Don't sand store cubes or spray with silicone, especially not in succession immidiantly. For me, the pieces expand and centers break. Or, it locks up like crazy.


----------



## alexc (Mar 31, 2008)

@fanwuq
I put sand to where down a completely new storebought cube and it ruined it.


----------



## 0l3n (Apr 11, 2008)

Ive been looking at some of the cube at 9spuzzles and it looks like they are REALLY cheap, I mean like a dollar kind off price, is this really the real price or does the shipping cost a fortune?

Oh and are the black DIY's not as good as the white ones?


----------



## fanwuq (Apr 16, 2008)

0l3n said:


> Ive been looking at some of the cube at 9spuzzles and it looks like they are REALLY cheap, I mean like a dollar kind off price, is this really the real price or does the shipping cost a fortune?
> 
> Oh and are the black DIY's not as good as the white ones?



9spuzzle should be good.

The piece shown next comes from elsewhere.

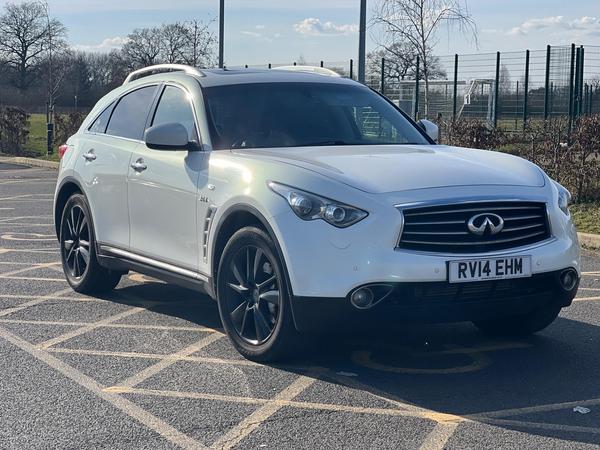 Infiniti QX70 3.0d V6 GT Auto 4WD Euro 5 5dr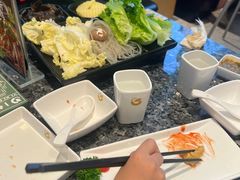 -一席地·本地鸡窝·杭帮鸡火锅(萧山银隆百货店)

Depends on type. Same type should be about the same. Type A is nice.


----------



## noobcuber (Apr 23, 2008)

Thank you this helps but to be more specific I bought a type c DIY but apparently a type A is the best, is this a significant difference thatg I would as a noob easily notice or is type A actually alot better and why?


----------



## info (Apr 25, 2008)

I don't want to complicate things but it seems some new people to the forum (like me) have missed the fact that there are new and old type A cubes. I'm not sure if PuzzleProz sells both types yet (cube4you does but there is the shipping factor). It's quite confusing but it seems that the new type A is also very good.


----------



## martijn_cube (Apr 26, 2008)

i noticed that they changed the cores and the screws a bit.
the screws have a shorter part of tread now.


----------



## 4ZN_5H4D0W (May 24, 2008)

What are these new Type A DIYs like? http://cube4you.com/247_New-type-White-DIYKit-3x3x3-second-model-(a).html Also, what's with the thing under the spring in this picture? http://cube4you.com/333_White-3x3x3-Cube-(d).html How are the new Type A's different from the Type D's?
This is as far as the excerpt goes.